Section 7.1 describes the algorithm and an important subroutine used by quicksort for partitioning. Because the behavior of quicksort is complex, we start with an intuitive discussion of its performance in Section 7.2 and postpone its precise analysis to the end of the chapter. Section 7.3 presents a version of quicksort that uses random sampling. This algorithm has a good average-case running time, and no particular input elicits its worst-case behavior. The randomized algorithm is analyzed in Section 7.4, where it is shown to run in Θ(n2) time in the worst case and in O(n lg n) time on average.
Quicksort, like merge sort, is based on the divide-and-conquer paradigm introduced in Section 2.3.1. Here is the three-step divide-and-conquer process for sorting a typical subarray A[p ‥ r].
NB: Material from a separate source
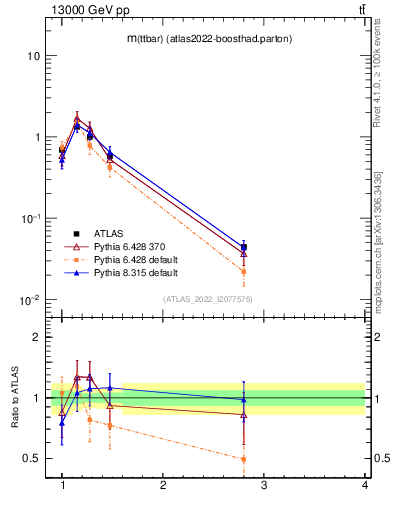 Plot of ttbar.m in 13000 GeV pp collisions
Divide: Partition (rearrange) the array A[p ‥ r] into two (possibly empty) subarrays A[p ‥ q - 1] and A[q + 1 ‥ r] such that each element of A[p ‥ q - 1] is less than or equal to A[q], which is, in turn, less than or equal to each element of A[q + 1 ‥ r]. Compute the index q as part of this partitioning procedure.
Conquer: Sort the two subarrays A[p ‥ q -1] and A[q +1 ‥ r] by recursive calls to quicksort.
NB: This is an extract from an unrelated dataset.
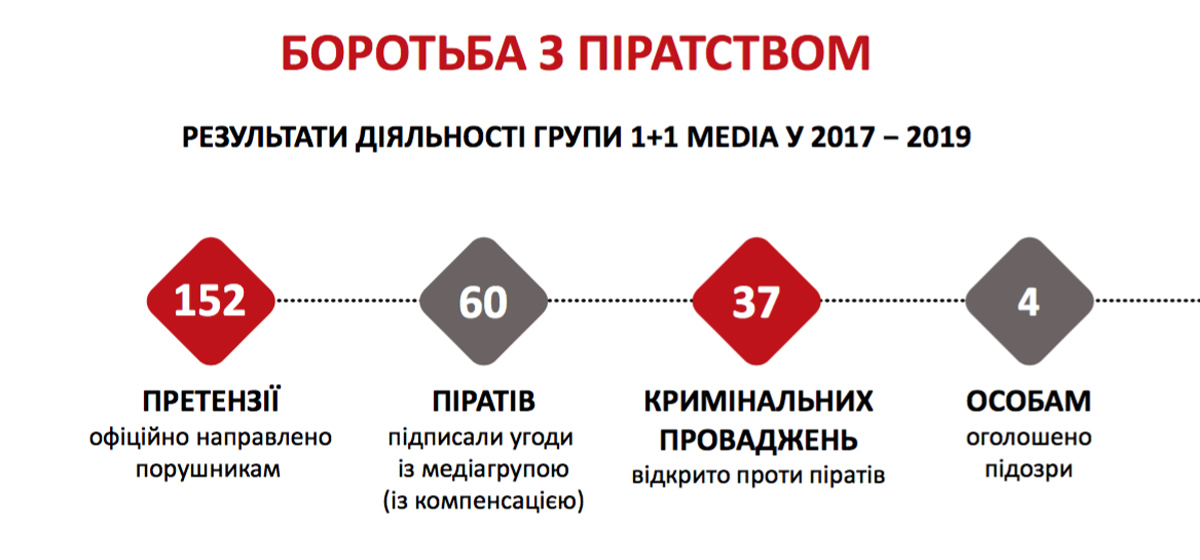 Broadcast PayTV 2019 3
Combine: Since the subarrays are sorted in place, no work is needed to combine them: the entire array A[p ‥ r] is now sorted.
The following procedure implements quicksort.
QUICKSORT(A, p, r) 1 if p < r 2 then q ← PARTITION(A, p, r) 3 QUICKSORT(A, p, q - 1) 4 QUICKSORT(A, q + 1, r)
To sort an entire array A, the initial call is QUICKSORT(A, 1, length[A]).
The key to the algorithm is the PARTITION procedure, which rearranges the subarray A[p ‥ r] in place.
PARTITION(A, p, r) 1 x ← A[r] 2 i ← p - 1 3 for j ← p to r - 1 4 do if A[j] ≤ x 5 then i ← i + 1 6 exchange A[i] ↔ A[j] 7 exchange A[i + 1] ↔ A[r] 8 return i + 1
Figure 7.1 shows the operation of PARTITION on an 8-element array. PARTITION always selects an element x = A[r] as a pivot element around which to partition the subarray A[p ‥ r]. As the procedure runs, the array is partitioned into four (possibly empty) regions. At the start of each iteration of the for loop in lines 3-6, each region satisfies certain properties, which we can state as a loop invariant:
At the beginning of each iteration of the loop of lines 3-6, for any array index k,
If p ≤ k ≤ i, then A[k] ≤ x.
If i + 1 ≤ k ≤ j - 1, then A[k] > x.
If k = r, then A[k] = x.
Figure 7.2 summarizes this structure. The indices between j and r - 1 are not covered by any of the three cases, and the values in these entries have no particular relationship to the pivot x.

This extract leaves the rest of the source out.